Among the pastors who've endorsed her is Bishop Larry Trotter of Sweet Holy Spirit, which has had a strong South Side presence for decades. He has supported Jackson over the years but said the congressman has been hard to reach. He believes Halvorson understands the area's issues and after Obama's election, the race of a candidate isn't as important to voters.
"She's proven to be concerned about things that hurt our people. When I say 'our,' I mean community people that are not in the upper echelon, regular working people and poor people," Trotter said. "She has a heartbeat for building up single mothers."
In her church appearances, Halvorson talks about education, detailing how she earned bachelor's and master's degrees while raising teenagers as a single mom. She has since remarried. She also talks about how her mother raised her and her two brothers on $700 a month and how she often ate mayonnaise sandwiches for lunch.
Jacques Whatley, 38, is a single mother of two who is black and has voted for Jackson in the past.
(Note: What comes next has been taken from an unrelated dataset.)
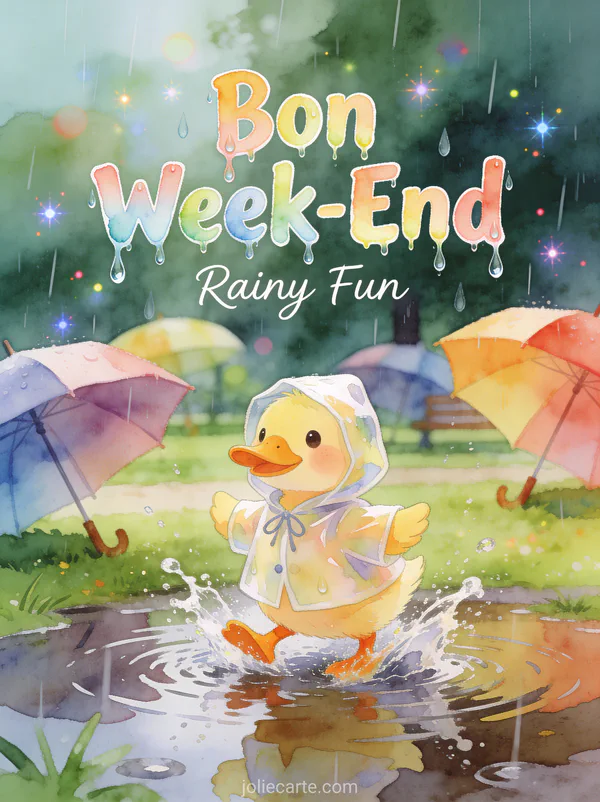 Image Bon Week-End Pluvieux Humour avec texte aquarelle canard en cire sautant dans flaques parc avec parapluies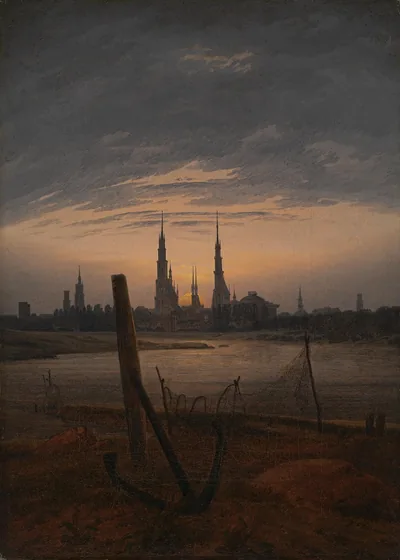 Ville au lever de Lune — Caspar David Friedrich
But she said the district could use new leadership and it doesn't matter to her that Halvorson is white.
She said education is most important to her, particularly overcrowded classrooms, and making more affordable housing options for people.
"I could go either way," she said.
Halvorson acknowledges the challenge but says she has faced tough odds before. In 1996, she defeated 18-year Republican state Sen. Aldo DeAngelis of Olympia Fields in a door-to-door campaign and eventually was appointed the first female majority leader of the state Senate.
"The only color that matters is green and that's money. We need someone who is going to bring it back," she said. "I think me being a white woman doesn't matter, they just want someone who's going to deliver."